Before becoming a musician and a member of New York’s anti-folk movement (the power and anger of punk via acoustic guitar) Lewis drew (aha) on his upbringing to become an underground comic book artist. The sparse/direct style of comic books runs through 12 Crass Songs; it’s a wall-to-wall bunch of blunt, angry self-effacement - delivered like a crude black and white sketch through minimal music and Lewis’ talking/singing.
12 Crass Songs doesn’t let up. Nothing is spared as various tones of grey are added to the bleak portrait of the western world today. The human race is the first in the firing line on End Result “I’m part of the race that kills for possessions, part of the race that’s wiping itself out” On I Ain’t Thick, Lewis has his daggers drawn for that old villain 'The Man' who uses TV/Sarah Jessica Parker, consumerism and even history books, to keep the masses downtrodden, but Lewis ain’t having that y’all.
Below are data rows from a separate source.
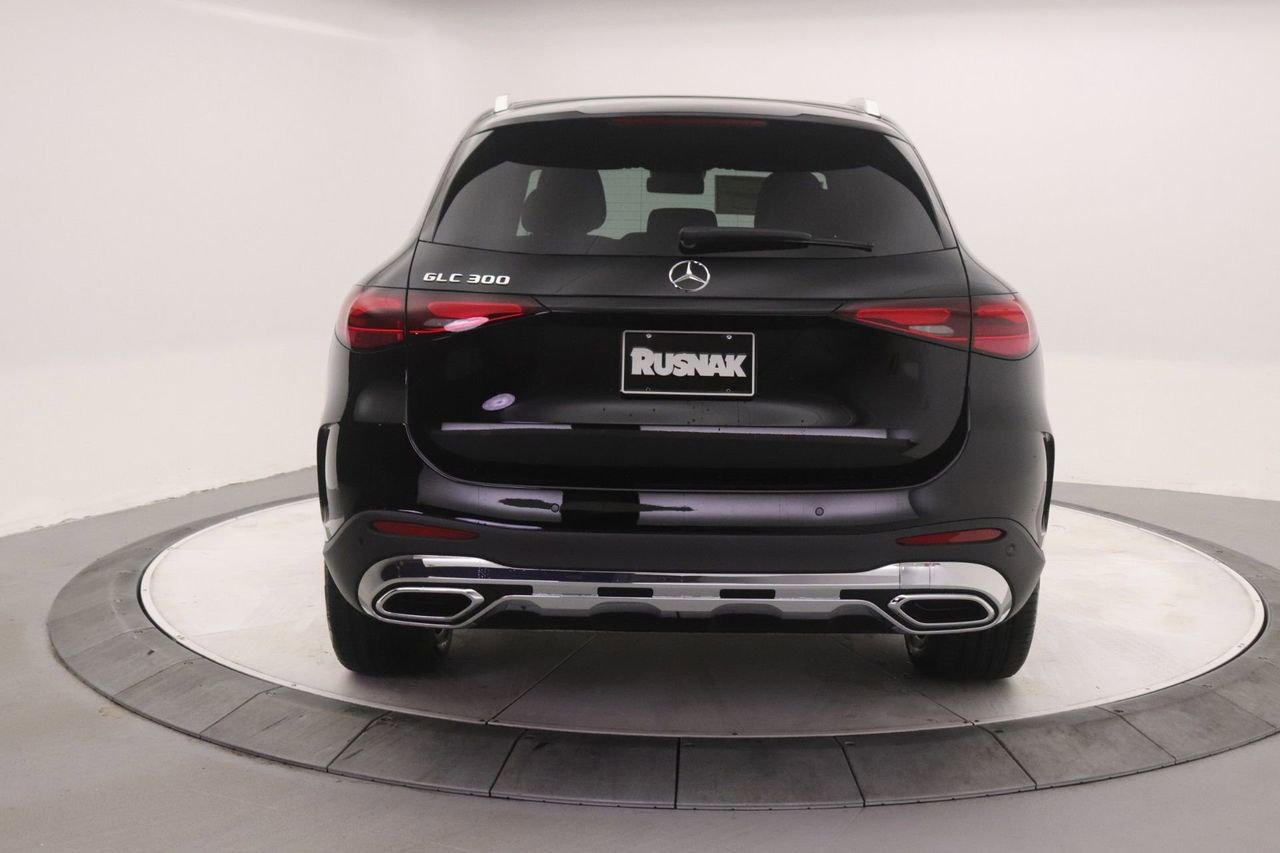 New 2026 Mercedes-Benz GLC 300 image 3
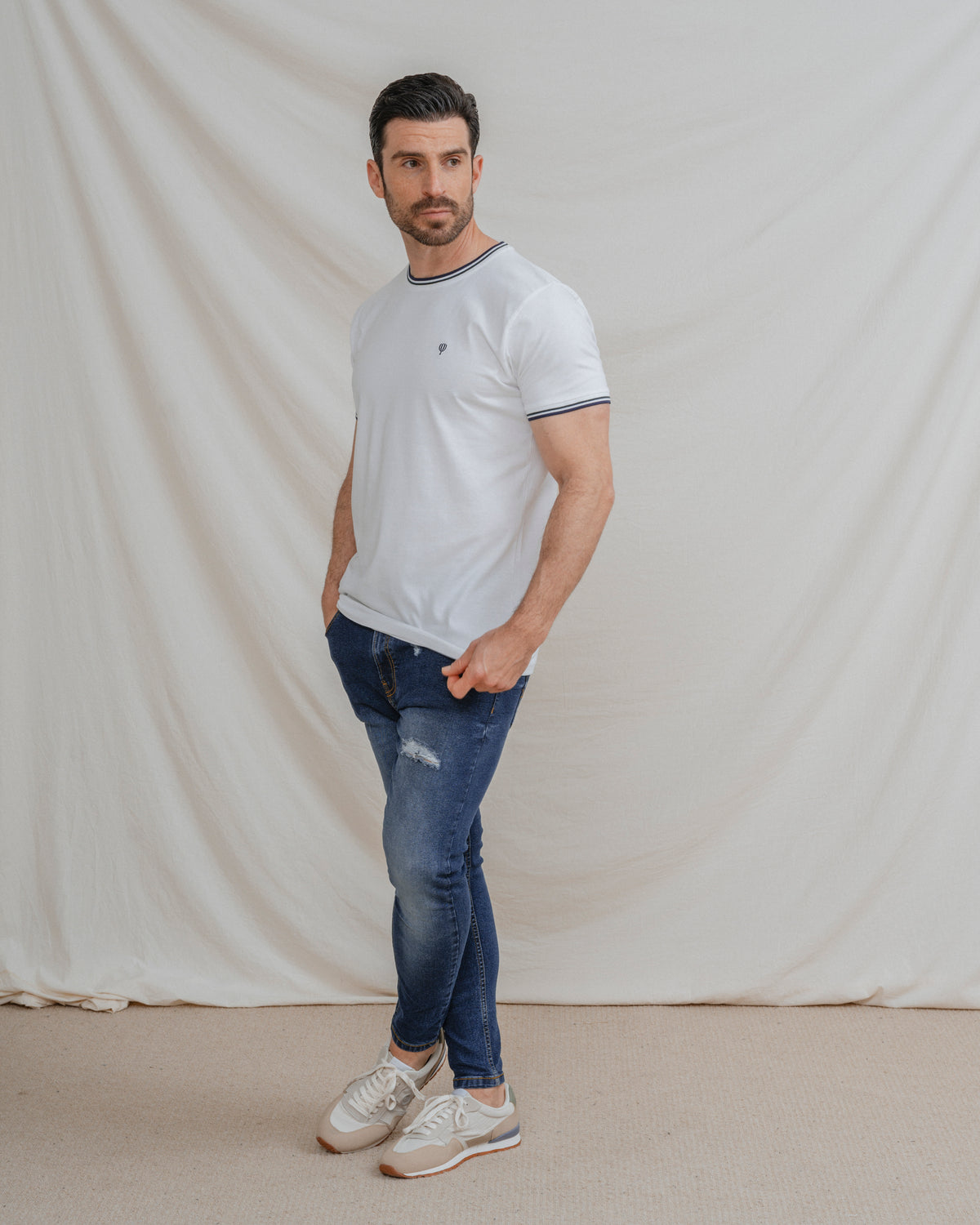 T-SHIRT BRANCA BÁSICA CANELADA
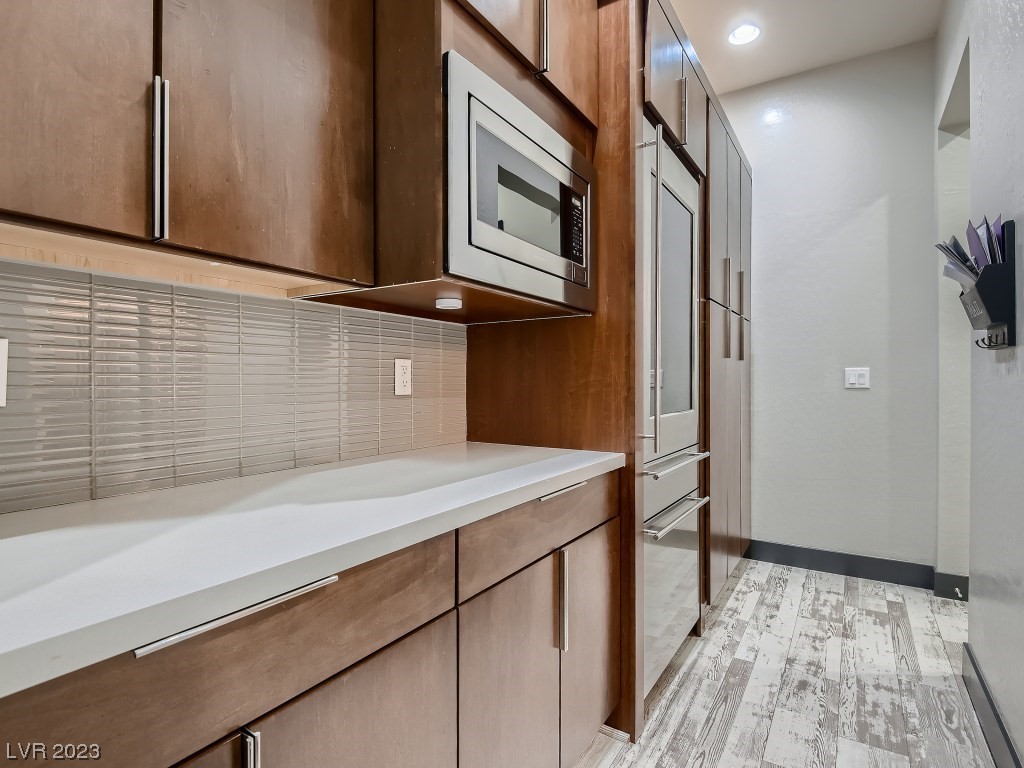 8238 Canyon Tree Court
Systematic Death plays out like a comic book story, etching a sketch of Mr and Mrs Average America doomed to a life of misery, oppression and downright idiocy under the SYSTEM SYSTEM SYSTEM!
If he’s pissed at Sarah Jessica Parker, then imagine the ire Lewis reserves for Bush (I bet even Sarah Jessica Parker is pissed at him) and Mr. President’s policies, particularly his idea of defence, come under the penlike scalpel of Lewis. Even punk itself isn’t safe. Punk is Dead laments that the movement that once inspired Lewis and his contempories sold itself out “Punk is Dead. Punk is Dead. Just another cheap product for the consumer’s head”.
I would disagree however, what is punk other than getting a personal message out there by the most direct means possible (or is that DHL? (Corporate Fascists)). It’s easy to roll the eyes at another New York artist bitching about conspiracies and the like, but that’s exactly the fuel that feeds 12 Crass Songs. The world in 2007 is a mixed-up place of complacency and terror, artists that stick their head out, stare you in the eyes and point that out should be saluted. However, it surely wouldn’t detract from the message to add a splash of colour now and again, if only musically….
Then, like a tardy Colombo, I discovered that I had overlooked a vital piece of evidence; 12 Crass Songs is exactly that; 12 cover versions from late 70s/Early 80s English Anarchists Crass. It’s depressing to think that 30 year old messages of protest and opposition still ring true and clear today, and strangely all of my thoughts were still valid - even though I refuse to believe that Sarah Jessica Parker was a key instrument in Thatcher’s oppression of Britain’s working classes.